[Short descriptive text snippets]
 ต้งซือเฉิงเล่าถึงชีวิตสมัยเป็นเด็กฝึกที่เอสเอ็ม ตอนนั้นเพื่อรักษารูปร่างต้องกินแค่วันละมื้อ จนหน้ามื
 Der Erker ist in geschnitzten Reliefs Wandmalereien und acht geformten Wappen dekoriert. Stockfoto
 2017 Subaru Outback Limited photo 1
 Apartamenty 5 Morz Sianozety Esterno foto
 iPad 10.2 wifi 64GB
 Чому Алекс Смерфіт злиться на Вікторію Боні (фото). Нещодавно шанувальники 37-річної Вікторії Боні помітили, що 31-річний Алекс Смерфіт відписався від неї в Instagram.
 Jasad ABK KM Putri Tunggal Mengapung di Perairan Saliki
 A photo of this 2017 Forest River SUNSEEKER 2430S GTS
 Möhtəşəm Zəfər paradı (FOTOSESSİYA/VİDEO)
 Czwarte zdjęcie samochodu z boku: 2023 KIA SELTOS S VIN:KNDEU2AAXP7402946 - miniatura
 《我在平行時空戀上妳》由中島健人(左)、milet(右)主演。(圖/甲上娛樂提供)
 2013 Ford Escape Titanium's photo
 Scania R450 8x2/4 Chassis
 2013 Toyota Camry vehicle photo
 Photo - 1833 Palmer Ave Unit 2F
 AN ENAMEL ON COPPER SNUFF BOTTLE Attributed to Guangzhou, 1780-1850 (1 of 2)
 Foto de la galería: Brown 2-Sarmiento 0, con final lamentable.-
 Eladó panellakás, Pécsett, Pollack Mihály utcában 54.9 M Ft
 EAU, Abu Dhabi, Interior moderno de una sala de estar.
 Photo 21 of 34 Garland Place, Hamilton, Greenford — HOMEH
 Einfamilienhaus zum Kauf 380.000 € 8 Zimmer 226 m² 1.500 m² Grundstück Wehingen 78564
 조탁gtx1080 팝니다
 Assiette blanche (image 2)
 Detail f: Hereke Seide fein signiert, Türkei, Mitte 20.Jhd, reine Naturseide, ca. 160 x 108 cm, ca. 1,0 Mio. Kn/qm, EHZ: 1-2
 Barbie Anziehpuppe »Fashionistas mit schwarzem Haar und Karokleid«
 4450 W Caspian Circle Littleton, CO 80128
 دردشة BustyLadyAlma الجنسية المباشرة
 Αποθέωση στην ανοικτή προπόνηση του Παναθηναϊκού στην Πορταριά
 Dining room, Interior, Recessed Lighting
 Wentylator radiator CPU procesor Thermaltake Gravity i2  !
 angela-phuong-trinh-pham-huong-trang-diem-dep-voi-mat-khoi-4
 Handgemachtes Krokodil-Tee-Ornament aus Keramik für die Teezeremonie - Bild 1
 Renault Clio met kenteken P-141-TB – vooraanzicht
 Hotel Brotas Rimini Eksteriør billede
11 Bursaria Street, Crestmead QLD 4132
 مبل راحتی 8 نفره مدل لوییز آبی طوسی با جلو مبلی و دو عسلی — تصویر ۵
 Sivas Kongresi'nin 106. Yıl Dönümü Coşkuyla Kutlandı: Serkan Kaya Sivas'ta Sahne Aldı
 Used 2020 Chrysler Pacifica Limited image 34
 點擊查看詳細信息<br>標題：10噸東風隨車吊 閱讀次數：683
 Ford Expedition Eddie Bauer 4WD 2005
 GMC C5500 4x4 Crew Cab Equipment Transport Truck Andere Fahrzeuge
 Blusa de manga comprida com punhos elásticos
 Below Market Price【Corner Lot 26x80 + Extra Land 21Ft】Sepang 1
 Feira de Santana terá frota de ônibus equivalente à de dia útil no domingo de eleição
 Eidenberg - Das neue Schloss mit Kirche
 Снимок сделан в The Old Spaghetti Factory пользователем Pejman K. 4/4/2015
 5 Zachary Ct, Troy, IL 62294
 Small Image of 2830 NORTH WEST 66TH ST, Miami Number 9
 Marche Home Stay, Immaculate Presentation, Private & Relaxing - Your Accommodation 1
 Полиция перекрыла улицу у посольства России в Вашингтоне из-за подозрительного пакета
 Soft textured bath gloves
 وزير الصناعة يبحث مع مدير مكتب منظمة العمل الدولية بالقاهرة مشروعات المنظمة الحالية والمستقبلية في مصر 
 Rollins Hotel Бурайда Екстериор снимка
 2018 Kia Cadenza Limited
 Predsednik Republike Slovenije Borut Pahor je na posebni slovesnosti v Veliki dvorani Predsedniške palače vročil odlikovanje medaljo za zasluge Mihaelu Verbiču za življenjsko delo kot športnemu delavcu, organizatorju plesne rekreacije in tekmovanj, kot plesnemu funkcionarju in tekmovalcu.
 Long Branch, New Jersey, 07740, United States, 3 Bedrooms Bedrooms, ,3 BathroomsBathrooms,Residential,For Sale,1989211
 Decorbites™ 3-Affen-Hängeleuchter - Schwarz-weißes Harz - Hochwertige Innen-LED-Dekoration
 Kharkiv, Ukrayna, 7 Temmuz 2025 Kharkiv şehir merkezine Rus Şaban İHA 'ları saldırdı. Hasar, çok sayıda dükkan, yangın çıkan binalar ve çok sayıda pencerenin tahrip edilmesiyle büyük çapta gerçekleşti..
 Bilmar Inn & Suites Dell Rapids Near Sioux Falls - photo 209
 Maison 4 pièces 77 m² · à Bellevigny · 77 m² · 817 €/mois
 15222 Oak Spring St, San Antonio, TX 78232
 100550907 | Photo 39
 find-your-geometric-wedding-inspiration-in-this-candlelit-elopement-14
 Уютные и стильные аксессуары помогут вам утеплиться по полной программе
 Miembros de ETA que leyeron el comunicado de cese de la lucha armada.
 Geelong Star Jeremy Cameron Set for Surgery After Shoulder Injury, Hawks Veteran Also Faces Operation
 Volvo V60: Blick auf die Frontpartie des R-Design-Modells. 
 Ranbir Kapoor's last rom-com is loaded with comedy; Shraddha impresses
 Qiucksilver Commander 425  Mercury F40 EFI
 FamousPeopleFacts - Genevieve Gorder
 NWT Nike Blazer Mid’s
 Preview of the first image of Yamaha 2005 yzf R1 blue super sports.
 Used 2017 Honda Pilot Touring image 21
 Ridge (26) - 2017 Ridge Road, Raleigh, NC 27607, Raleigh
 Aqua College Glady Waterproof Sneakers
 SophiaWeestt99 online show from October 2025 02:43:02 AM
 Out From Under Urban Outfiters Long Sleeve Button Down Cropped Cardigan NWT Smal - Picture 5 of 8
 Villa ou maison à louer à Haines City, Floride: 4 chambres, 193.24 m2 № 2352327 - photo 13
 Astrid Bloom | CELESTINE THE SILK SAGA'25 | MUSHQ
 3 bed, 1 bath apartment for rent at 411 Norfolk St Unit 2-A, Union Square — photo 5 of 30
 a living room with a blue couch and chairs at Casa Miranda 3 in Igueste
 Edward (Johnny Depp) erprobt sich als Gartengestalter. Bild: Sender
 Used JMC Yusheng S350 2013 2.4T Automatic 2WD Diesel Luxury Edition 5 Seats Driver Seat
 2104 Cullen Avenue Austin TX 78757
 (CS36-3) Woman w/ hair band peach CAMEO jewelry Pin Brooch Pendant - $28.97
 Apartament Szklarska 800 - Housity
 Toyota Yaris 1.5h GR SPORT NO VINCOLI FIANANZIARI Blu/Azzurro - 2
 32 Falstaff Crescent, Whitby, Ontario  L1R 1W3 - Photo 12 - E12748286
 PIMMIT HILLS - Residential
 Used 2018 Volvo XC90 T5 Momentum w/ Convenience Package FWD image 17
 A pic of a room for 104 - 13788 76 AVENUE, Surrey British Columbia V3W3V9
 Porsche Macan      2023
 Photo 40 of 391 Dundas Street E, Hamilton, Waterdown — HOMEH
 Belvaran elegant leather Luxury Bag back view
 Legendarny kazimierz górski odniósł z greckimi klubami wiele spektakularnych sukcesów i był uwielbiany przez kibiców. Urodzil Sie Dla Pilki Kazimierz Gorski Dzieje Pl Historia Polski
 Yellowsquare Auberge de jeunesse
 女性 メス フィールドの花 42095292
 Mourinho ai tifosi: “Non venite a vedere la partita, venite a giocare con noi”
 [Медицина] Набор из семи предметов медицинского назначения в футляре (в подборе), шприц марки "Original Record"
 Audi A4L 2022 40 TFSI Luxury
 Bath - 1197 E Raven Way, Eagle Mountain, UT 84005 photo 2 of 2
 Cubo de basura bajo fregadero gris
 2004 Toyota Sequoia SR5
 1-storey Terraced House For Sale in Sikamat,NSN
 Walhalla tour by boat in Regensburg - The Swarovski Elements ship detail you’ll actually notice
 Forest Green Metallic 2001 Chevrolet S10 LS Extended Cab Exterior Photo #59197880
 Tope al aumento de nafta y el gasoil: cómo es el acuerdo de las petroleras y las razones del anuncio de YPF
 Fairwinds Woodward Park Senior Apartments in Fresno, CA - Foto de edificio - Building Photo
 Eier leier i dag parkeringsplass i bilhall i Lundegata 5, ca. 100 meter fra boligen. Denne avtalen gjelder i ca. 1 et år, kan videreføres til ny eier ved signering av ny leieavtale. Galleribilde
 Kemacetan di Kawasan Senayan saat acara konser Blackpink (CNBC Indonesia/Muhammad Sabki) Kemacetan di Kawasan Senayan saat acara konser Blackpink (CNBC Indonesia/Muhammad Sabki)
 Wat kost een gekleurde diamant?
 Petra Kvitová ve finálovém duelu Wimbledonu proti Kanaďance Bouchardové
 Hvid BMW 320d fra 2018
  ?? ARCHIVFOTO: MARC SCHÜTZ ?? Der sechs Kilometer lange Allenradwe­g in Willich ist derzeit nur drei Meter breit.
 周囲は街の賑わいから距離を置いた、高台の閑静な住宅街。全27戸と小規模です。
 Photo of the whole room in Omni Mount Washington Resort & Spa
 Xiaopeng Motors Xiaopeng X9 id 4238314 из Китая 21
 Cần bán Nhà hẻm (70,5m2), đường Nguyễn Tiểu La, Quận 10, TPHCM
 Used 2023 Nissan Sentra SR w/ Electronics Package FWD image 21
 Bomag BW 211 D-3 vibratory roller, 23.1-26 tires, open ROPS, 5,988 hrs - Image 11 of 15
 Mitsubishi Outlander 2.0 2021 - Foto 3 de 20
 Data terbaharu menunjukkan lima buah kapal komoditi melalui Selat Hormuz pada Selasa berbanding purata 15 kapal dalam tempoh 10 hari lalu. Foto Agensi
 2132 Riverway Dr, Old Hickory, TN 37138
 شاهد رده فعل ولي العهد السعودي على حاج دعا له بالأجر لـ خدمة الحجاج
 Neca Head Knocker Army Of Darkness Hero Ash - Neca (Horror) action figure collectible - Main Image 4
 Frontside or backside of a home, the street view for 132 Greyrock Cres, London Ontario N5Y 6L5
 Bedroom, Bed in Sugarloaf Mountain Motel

--- WHAT IS EXPECTED ---
Copy the records above faithfully. Begin at their first line, end at the line containing "Jasad ABK KM", and include nothing else.

--- EXERCISE ANSWER ---
 ต้งซือเฉิงเล่าถึงชีวิตสมัยเป็นเด็กฝึกที่เอสเอ็ม ตอนนั้นเพื่อรักษารูปร่างต้องกินแค่วันละมื้อ จนหน้ามื
 Der Erker ist in geschnitzten Reliefs Wandmalereien und acht geformten Wappen dekoriert. Stockfoto
 2017 Subaru Outback Limited photo 1
 Apartamenty 5 Morz Sianozety Esterno foto
 iPad 10.2 wifi 64GB
 Чому Алекс Смерфіт злиться на Вікторію Боні (фото). Нещодавно шанувальники 37-річної Вікторії Боні помітили, що 31-річний Алекс Смерфіт відписався від неї в Instagram.
 Jasad ABK KM Putri Tunggal Mengapung di Perairan Saliki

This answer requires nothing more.